ACTIVITY: Please set down every line of the records below exactly, without the pictures.

THE DATA:

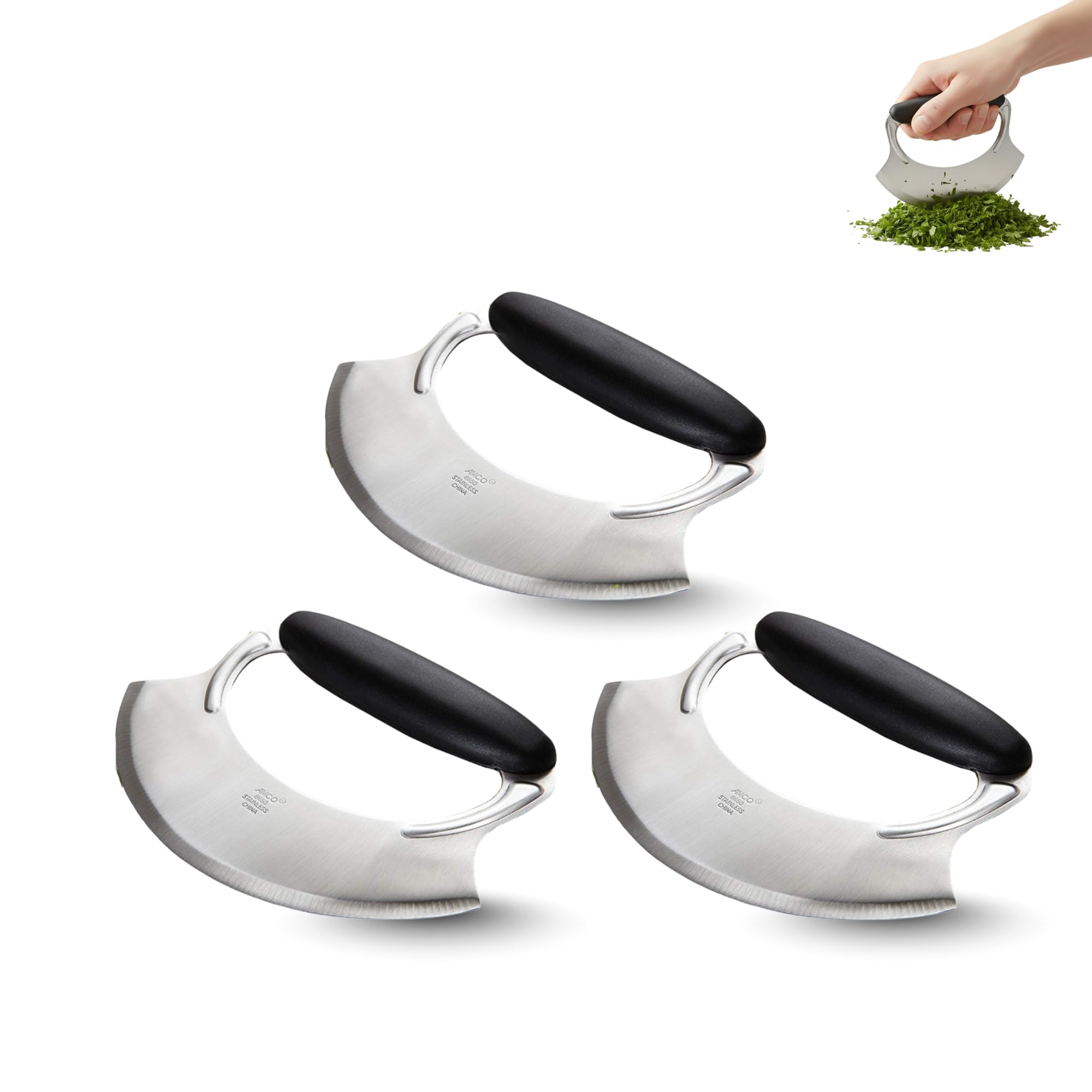 Amazon.com: Amco – Mezzaluna Mezzaluna With Silicone Handle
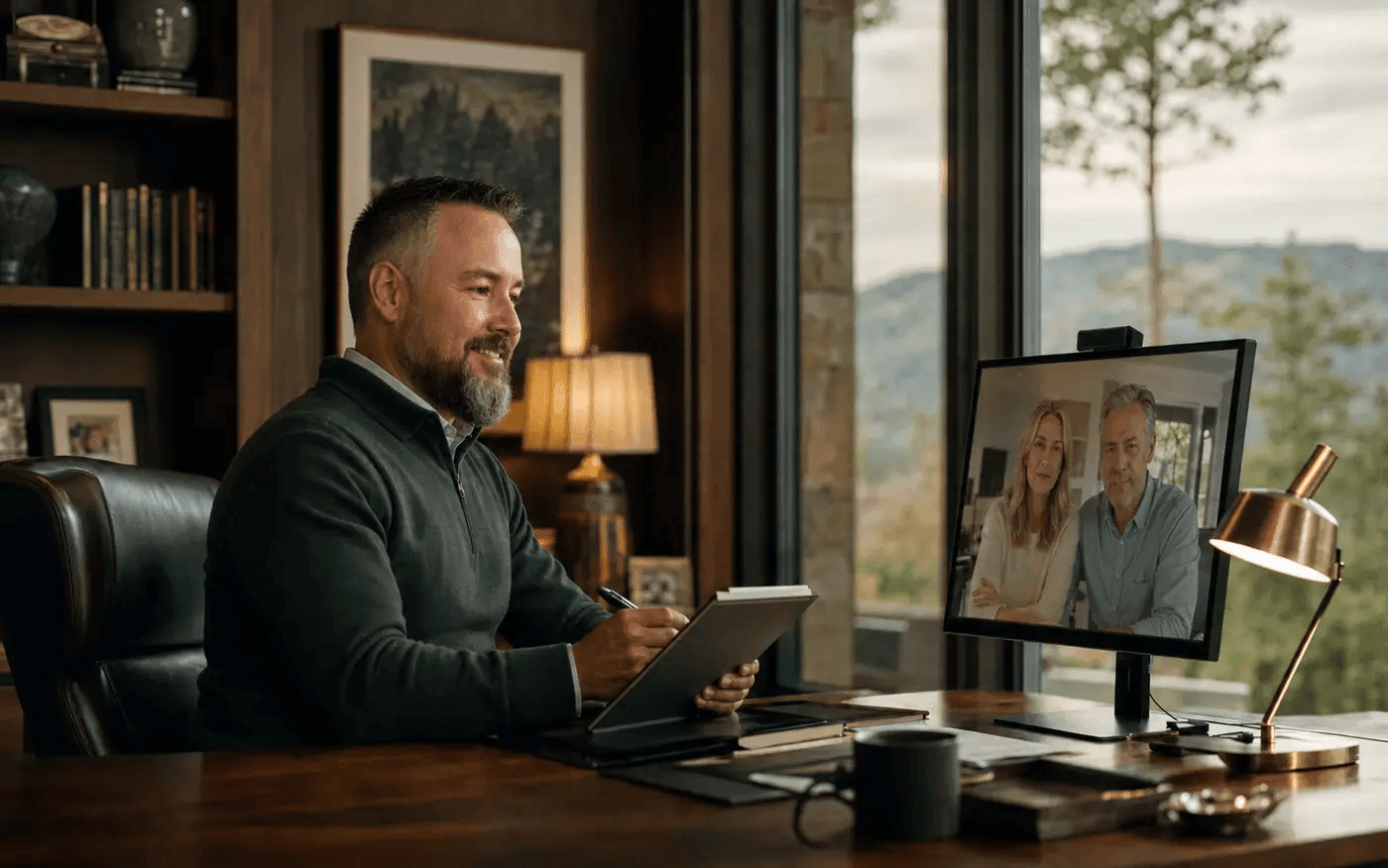 Financial professional serving a family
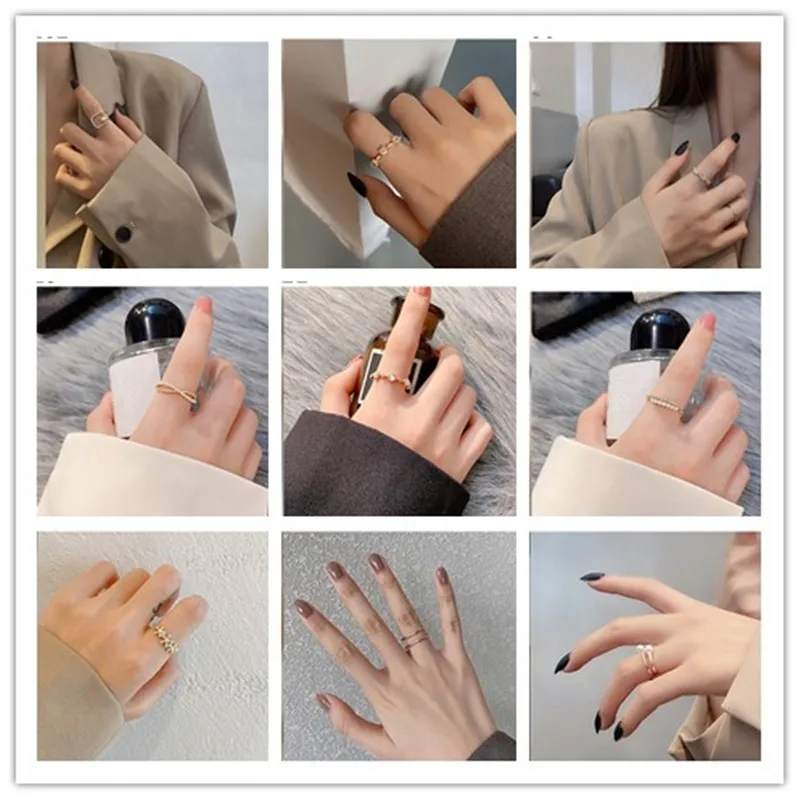 

2022 New Style Fashion Girls Punk Geometric Simple Finger Rings Trend Jewelry Girls Party Wedding Gold Chain Rings for Women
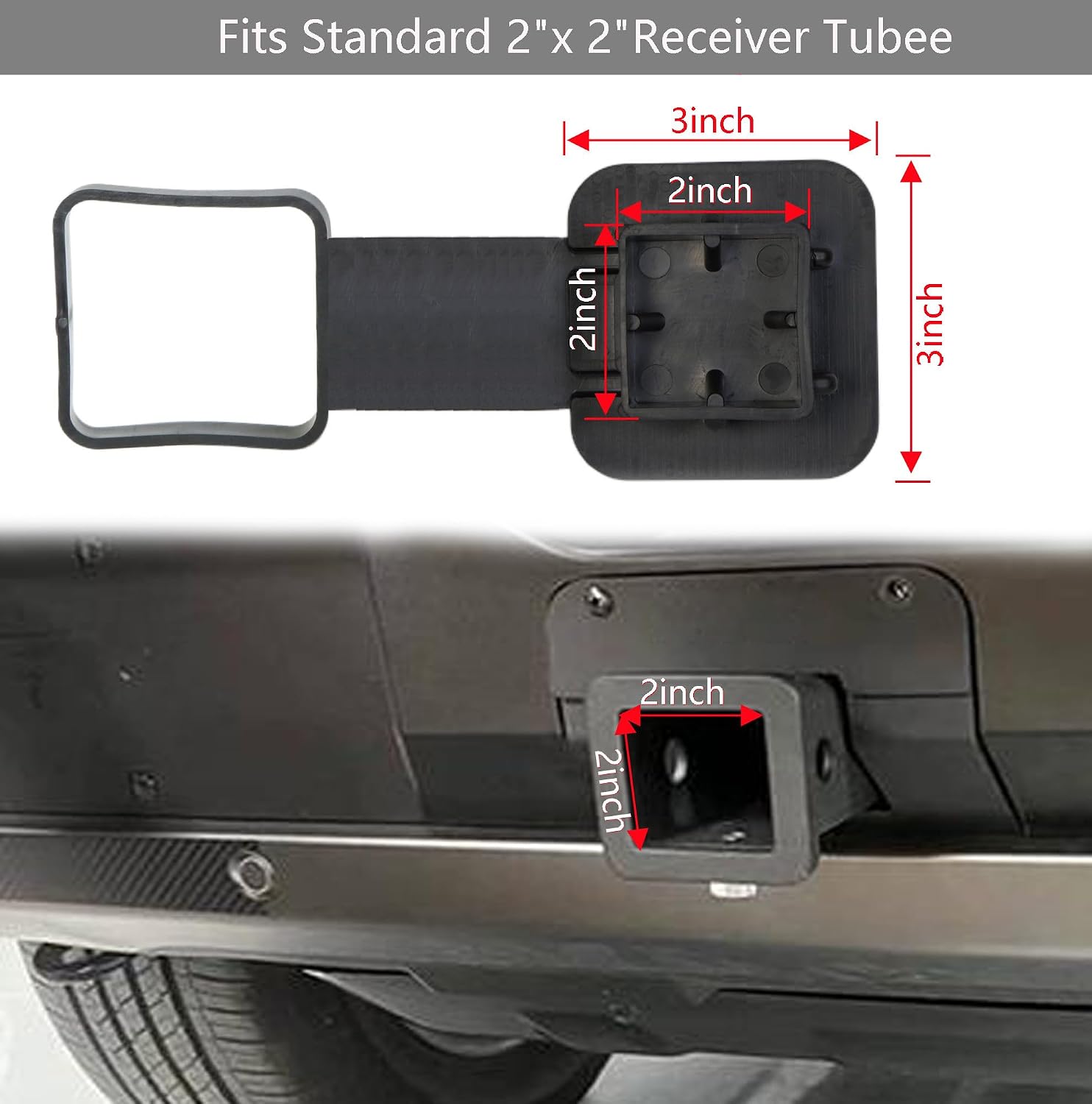 2 Inch Trailer Hitch Cover, Tow Hitch Cover for Cars/Trucks/ATV | Fits Standard 2" Receivers, Tool-Free Push-In Install & Pull-Out Removal, Weather-Resistant, Blocks Dust & Moisture Black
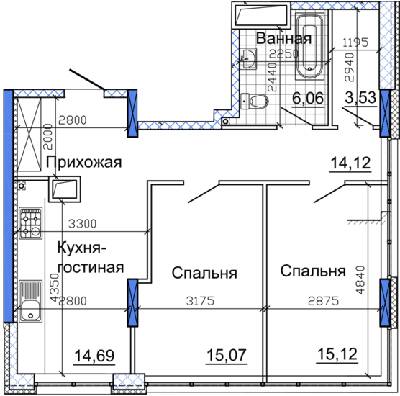 2-кімнатна 70.9 м² в ЖК Nebo від 40 200 грн/м², Дніпро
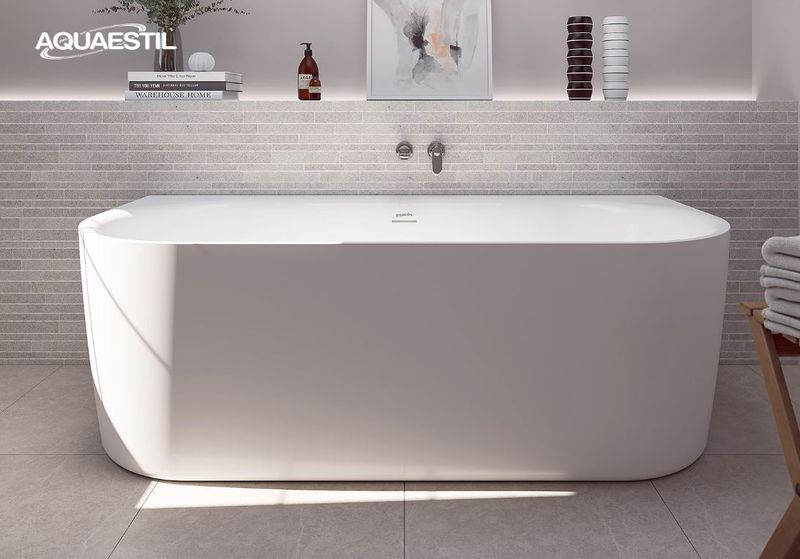 Aquaestil Badewanne Metauro Free Wall 160×75, matt weiß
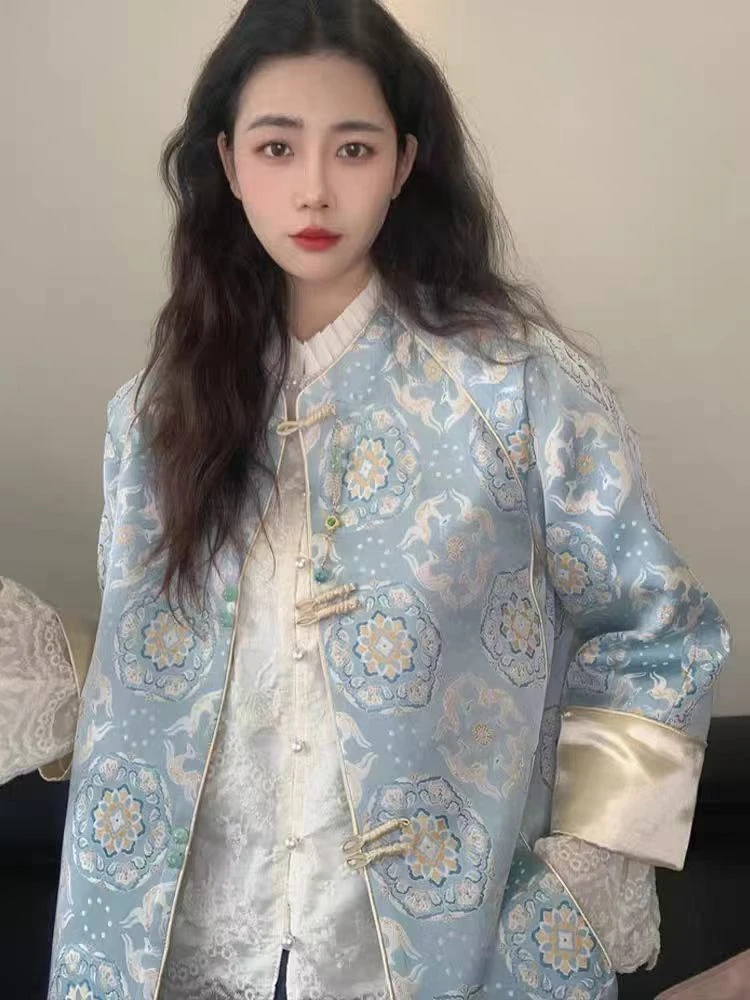 新中式圆领长袖国风上衣S织锦提花盘扣直襟气质复古外套网红古风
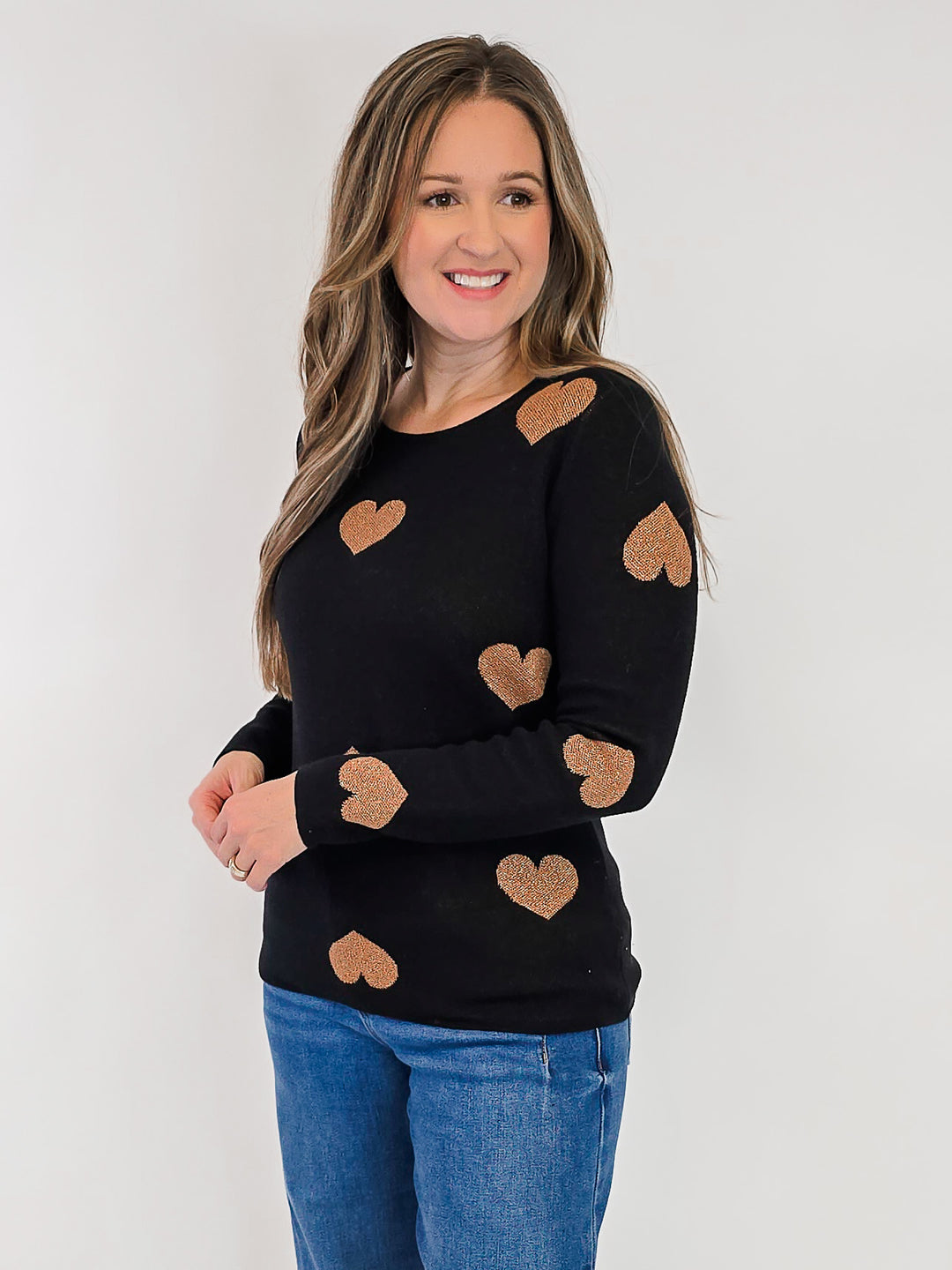 LONG SLEEVE METALLIC HEART SWEATER - BLACK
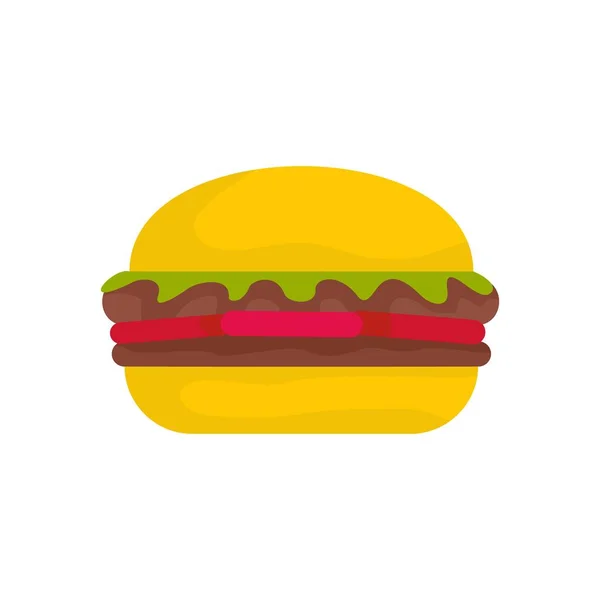 Fresh burger icon, flat style — Stock Vector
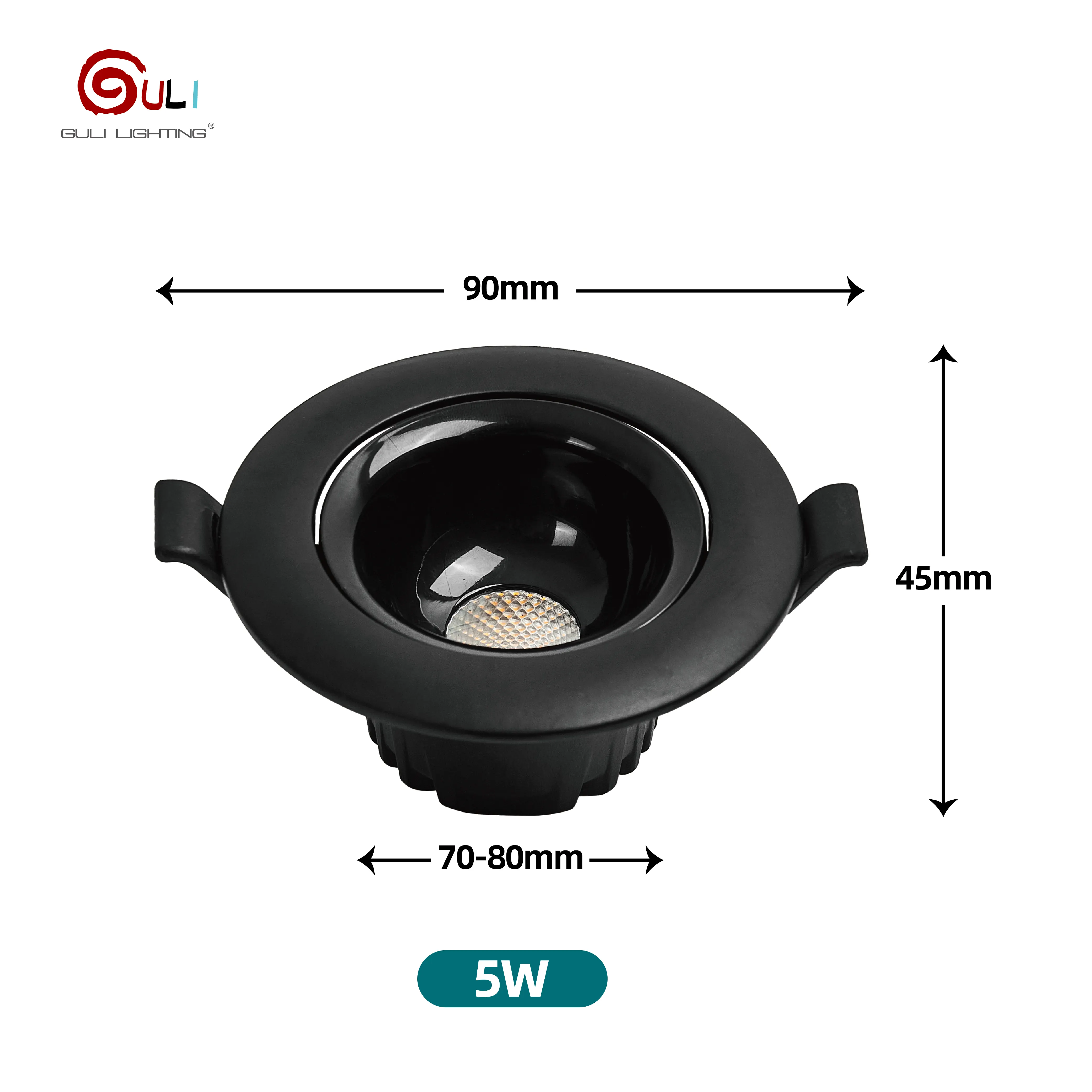 Refletor embutido de teto ajustável para iluminação doméstica interna 5w com luz LED de alumínio fundido para sala de estar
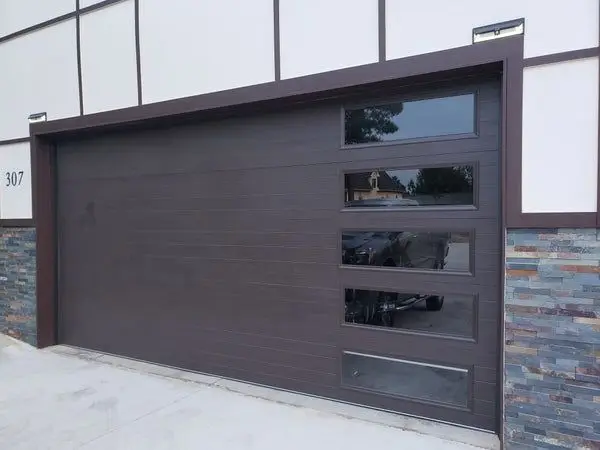 Waterproof Automatic Garage Door Black Aluminum Framed Frosted Glass Sectional Residential Garage Screen Door with Motor
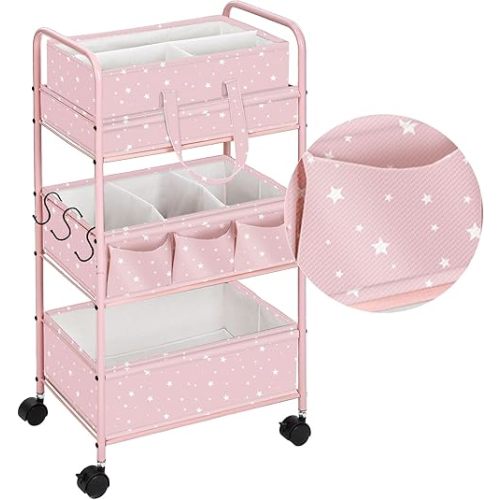 Yookeer 2in1 Baby Diaper Caddy Organizer Cart 3 Tier Large Capacity Metal Utility Bedside Rolling Cart with Divider Newborn Registry Gift Nursery Essential Must Have Bedroom Baby Shower(Pink,Star)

RESULT FOR THIS EXERCISE:
 Amazon.com: Amco – Mezzaluna Mezzaluna With Silicone Handle
 Financial professional serving a family

2022 New Style Fashion Girls Punk Geometric Simple Finger Rings Trend Jewelry Girls Party Wedding Gold Chain Rings for Women
 2 Inch Trailer Hitch Cover, Tow Hitch Cover for Cars/Trucks/ATV | Fits Standard 2" Receivers, Tool-Free Push-In Install & Pull-Out Removal, Weather-Resistant, Blocks Dust & Moisture Black
 2-кімнатна 70.9 м² в ЖК Nebo від 40 200 грн/м², Дніпро
 Aquaestil Badewanne Metauro Free Wall 160×75, matt weiß
 新中式圆领长袖国风上衣S织锦提花盘扣直襟气质复古外套网红古风
 LONG SLEEVE METALLIC HEART SWEATER - BLACK
 Fresh burger icon, flat style — Stock Vector
 Refletor embutido de teto ajustável para iluminação doméstica interna 5w com luz LED de alumínio fundido para sala de estar
 Waterproof Automatic Garage Door Black Aluminum Framed Frosted Glass Sectional Residential Garage Screen Door with Motor
 Yookeer 2in1 Baby Diaper Caddy Organizer Cart 3 Tier Large Capacity Metal Utility Bedside Rolling Cart with Divider Newborn Registry Gift Nursery Essential Must Have Bedroom Baby Shower(Pink,Star)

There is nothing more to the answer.